When your business goals involve driving customers to a certain place – for example, to the office where you conduct business – it’s best to make your site rank especially well in that specific location (be it a town, a city, a state or a country). It’s called local SEO: location-focused SEO activities. This type of SEO is strongly recommended to brick-and-mortar businesses: they need to be relevant to the local population, and search engines need to provide relevant results to prospecting customers.
The steps for performing local SEO on your site are as follows:
Local keywords research
Let’s say you own a fashion business in Kallithea, Athens. How would someone in Kallithea look you up online? Fashion Stores Kallithea is the most obvious keyword that comes to mind, and also the most perfect. What makes me so sure? It’s long-tail and captures user intent fully: what they want (a fashion store) and where they want it (in Kallithea). It’s safe and effective to optimize a local company’s site for this kind of keyword.
If you are well-versed in your niche and know how to write specialized content, you’ll give your site a great advantage. Your prospective customers will see you as a professional, and search engines will appreciate what you do for semantic search.
Google My Business
If you Google a company, you will most likely see it on a map right in the search results, with an address and phone number. Handy, isn’t it? How can you do the same for your own company?
You will need to submit a listing to Google My Business. Fill it out with as much information as you can, including your company’s NAP, open days and hours, photos of the building and website URL. Doing so will make your company’s information appear in Google Maps, Google+ and organic search results. It will even get its own knowledge graph.

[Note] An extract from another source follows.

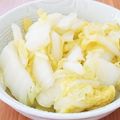 かなりんココりん's cooksnap of when they made すぐできる♡白菜の浅漬け.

Google Maps and structured data are a deadly combo. One shows you on the map, the other shows searchers all important information about your business without having to click any further. All you need to do is add some extra code on the pages you want to empower, and the information will be displayed right in search results. The catch is, you have to get those pages on Google’s page one first.
Gather positive reviews
Customers trust each other. A single review can make or break a business. Give your customers the best service you can offer and then ask them to leave a review on your site – most of the time, they will. Gather as many positive reviews as you can and show them off and online, and many more customers will flock to you.